I was worried about this air and moisture being in the system when recharging the system with R134. I questioned everyone I encountered about this and the consensus was: the air will reduce the efficiency of the system but a very insignificant amount (this air was referred to as incompressible gases), and the moisture in the system with R134 isn't near the problem as R12 (the moisture will be a very small amount in the air and will be removed by the receiver/dryer - a must replace part). The concern about moisture in R134 is not the acid thing but that it if cold enough and in large amounts will freeze up a line (blocking it) and cause the compressor overpressurize a portion of the system (I.e. explode, that's why I reset my antifreeze switch to 42 degrees F). Also, as long as the system is opened for only a short amount of time, there should no problem of moisture contamination. The problem arises when a car's system has a leak, depressurizes, then warms up and cools down with the starting and stopping of the engine. This expansion of the air in the lines and subsequent compression draws moisture in, and it will collect in significant amounts.
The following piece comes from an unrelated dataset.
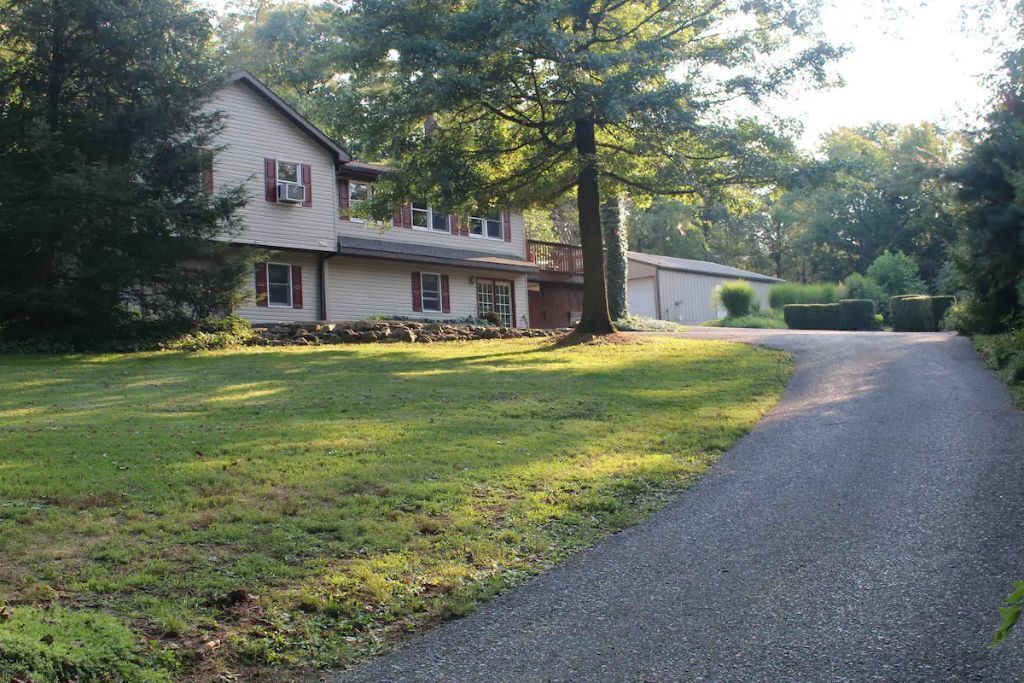 Beautiful Secluded Home In Country Setting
I like the idea of having my system evacuated, but I don't have the equipment. I was told repeatedly that the difference will not be noticeable. Also, to remove the amounts of moisture present for only opening the system up for a short amount of time would require an evacuation of the system for about 24 hours (good luck on finding a shop who will maintain a vacuum for any longer than it takes to see that the vacuum is being maintained). Besides, if I have to let a "professional" tamper with my system, I'll be back in the same boat as I was with my R12 system (no one could do it).
It is possible to partially evacuate AC systems without an external pump. I haven't had to work on my 928 :) - but if the system has fittings for both high and low sides - it goes like this:
Hook up guages (high and low sides), bridge low pressure switch to allow system to run w/out charge (is there one?), start and run system, crack open high side, low side closed. You should hear and feel gas exiting red (high) hose. Low side guage should start showing a partial vacuum! Do this for a while (we're ad libbing now aren't we?) Shut down high side valve. Shut off vehicle and system. Observe low side guage to see if it holds this 'vacuum'. Charge as normal.